(Beginning of Provided material)

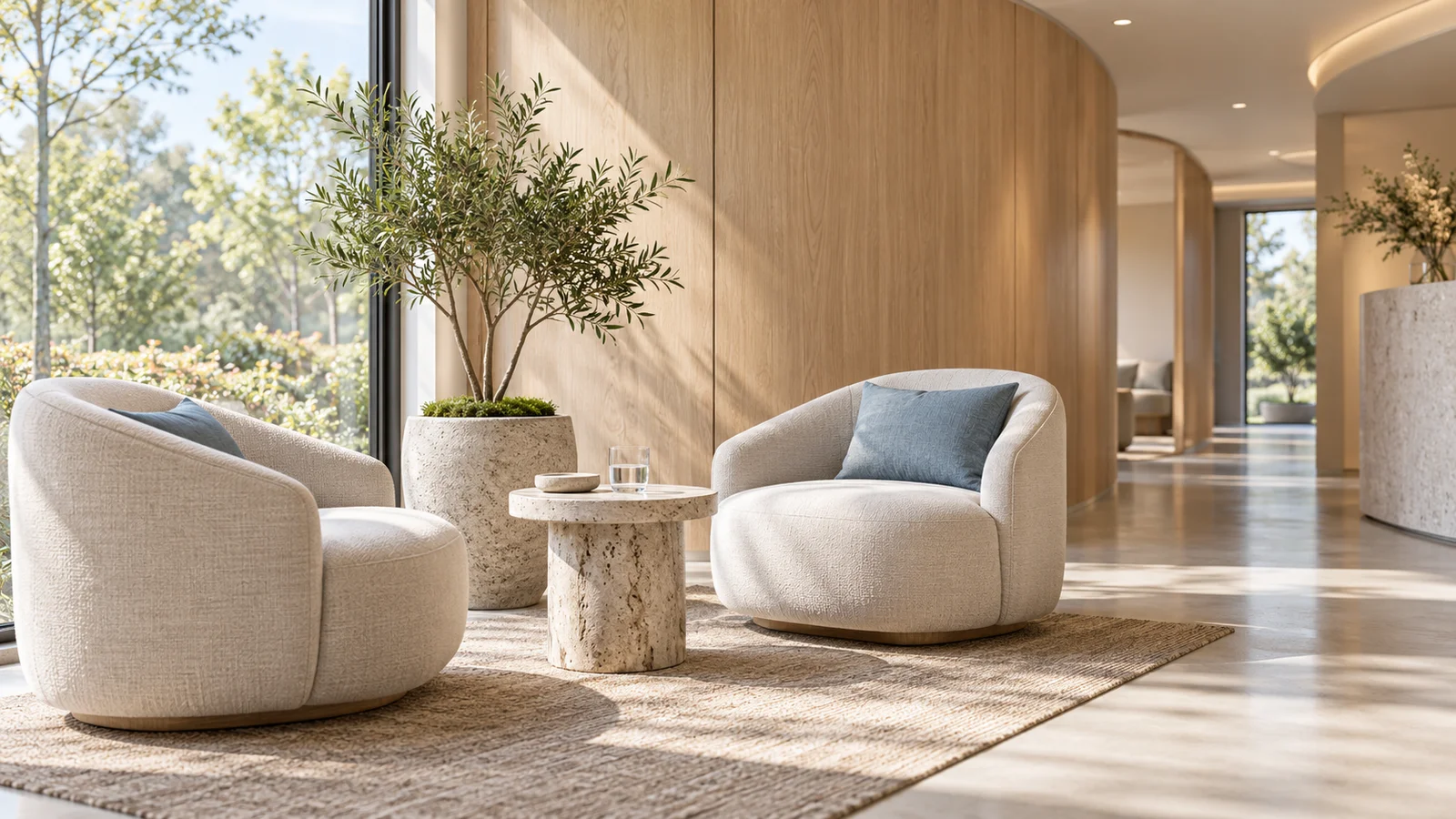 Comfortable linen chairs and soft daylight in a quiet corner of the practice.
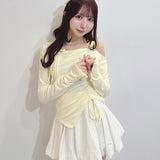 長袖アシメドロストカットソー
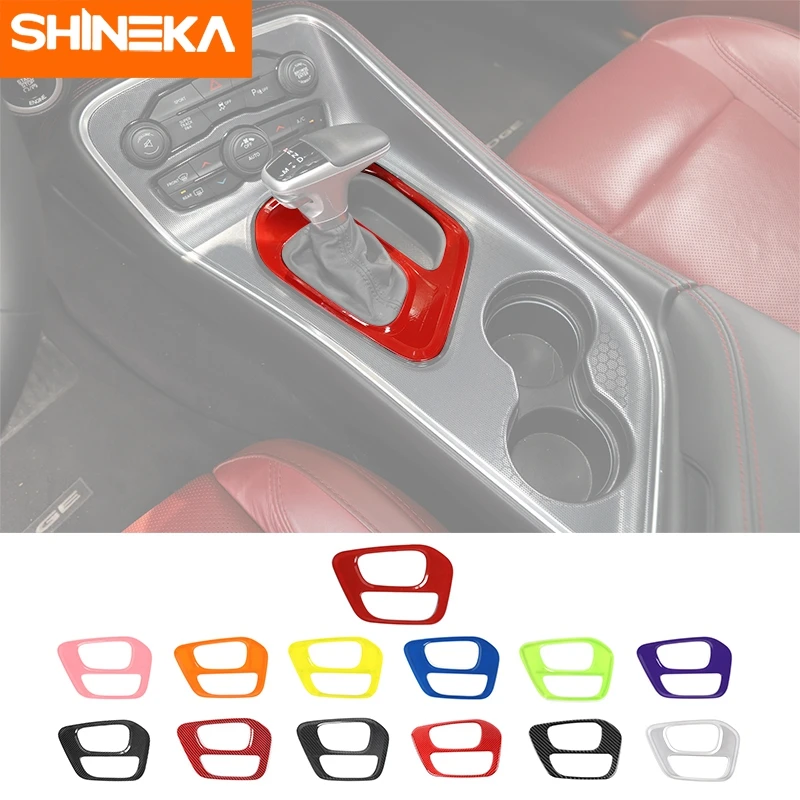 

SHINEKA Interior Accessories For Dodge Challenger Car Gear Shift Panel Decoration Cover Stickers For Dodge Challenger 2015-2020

(End of Provided material)

**Problem details**
Give back the whole of the material exactly, with the pictures removed.

**The completed task**
 Comfortable linen chairs and soft daylight in a quiet corner of the practice.
 長袖アシメドロストカットソー

SHINEKA Interior Accessories For Dodge Challenger Car Gear Shift Panel Decoration Cover Stickers For Dodge Challenger 2015-2020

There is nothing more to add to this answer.